Обойдя «жертву», «буревестники» двинулись к пристани, с беспокойством всматриваясь в далёкий броненосный утюг.

Беспокойство их увеличилось, когда грязно–белый катер, уткой ныряя в зелёных волнах, быстро приближался к кораблю, оставляя за переваливающейся с боку на бок кормой, облитый красным солнцем город.

– Костя Фельдман, – протянул руку Бобинчику—Рабиновичу высокий кучерявый парень в студенческой тужурке.

Отстранив его и зажав рот ладонью, толстяк бросился к борту и, перевесившись через него, утробно зарычал медведем.

Стоявший в рубке моряк, улыбнувшись, дал ответный гудок.

– Председатель совета студентов, – пожал парень узкую ладонь сутулого, а затем лысого, беспрестанно вытирающего лицо фуражкой. – Плыву агитировать моряков помочь революции бомбардировкой города.

– Это дерьмо плавает, а мы ходим, – выкрикнул из рубки моряк в разодранной на груди тельняшке, швартуясь к металлическому борту «Потёмкина». – Мы говорим не компас, а компа′с, – весело заорал он. – Братва, трап подавай.

Бобинчик лезть по трапу не решился. Наставив на броненосец свой обширный зад и тоскливо выслушивая по этому поводу шутки расхристанного моряка о «корме в штанах», издавал временами из нутра рёв издыхающего медведя.

Взбунтовавшиеся моряки оказались умнее щетинщиков и студентов, не согласившись подвергнуть мирный российский город обстрелу.

– Как же так? – делился в кубрике своими мыслями расхристанный моряк. – Даже курсистки – эти недоступные божьи создания призывают команду к совместным действиям…

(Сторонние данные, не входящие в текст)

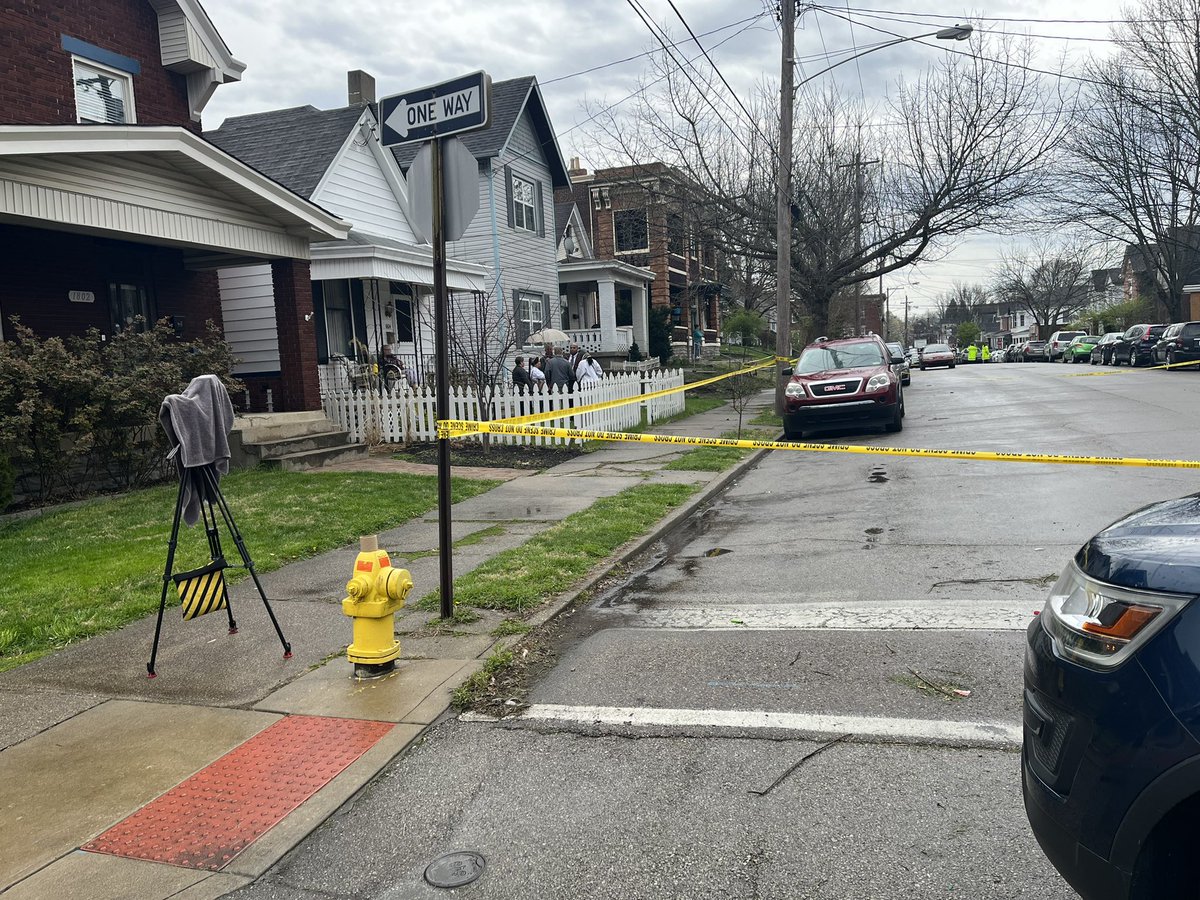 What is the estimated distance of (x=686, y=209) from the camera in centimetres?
2647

– И микаду с победами поздравляют, – возмутился его товарищ.

– Вот я и говорю, ребята, – перебил его расхристанный, – для каких других совместных действий – завсегда пожалуйста. Согласимся с нашим удовольствием… Но мирных людёв долбить?! Это уж увольте…

– Господа офицеры, – ходил по кабинету командир полка. – Как вы знаете, в городе не первый день идёт брожение. Глава полиции Нейдгарт устранился, – поднял к глазам лист и прочёл: «Гражданская власть бессильна водворить порядок, и потому он передаёт все дальнейшие распоряжения по прекращению беспорядков военному начальству». То есть начальнику гарнизона генералу Каханову. Его превосходительство поставил задачу нашему полку блокировать в порту собравшееся там отребье, дабы, литературно выражаясь, эти неблагонадёжные элементы не лезли в город. Подонками убито несколько городовых и подожжены пакгаузы. И всё это под крики: «Свобода… Свобода…» Почему–то распоясавшиеся мерзавцы воспринимают свободу как возможность безнаказанно убивать и грабить. Приказано не стрелять, ибо можно спровоцировать ответный огонь с «Потёмкина» по городу. Известно, что морским командованием послана эскадра, дабы захватить мятежный корабль.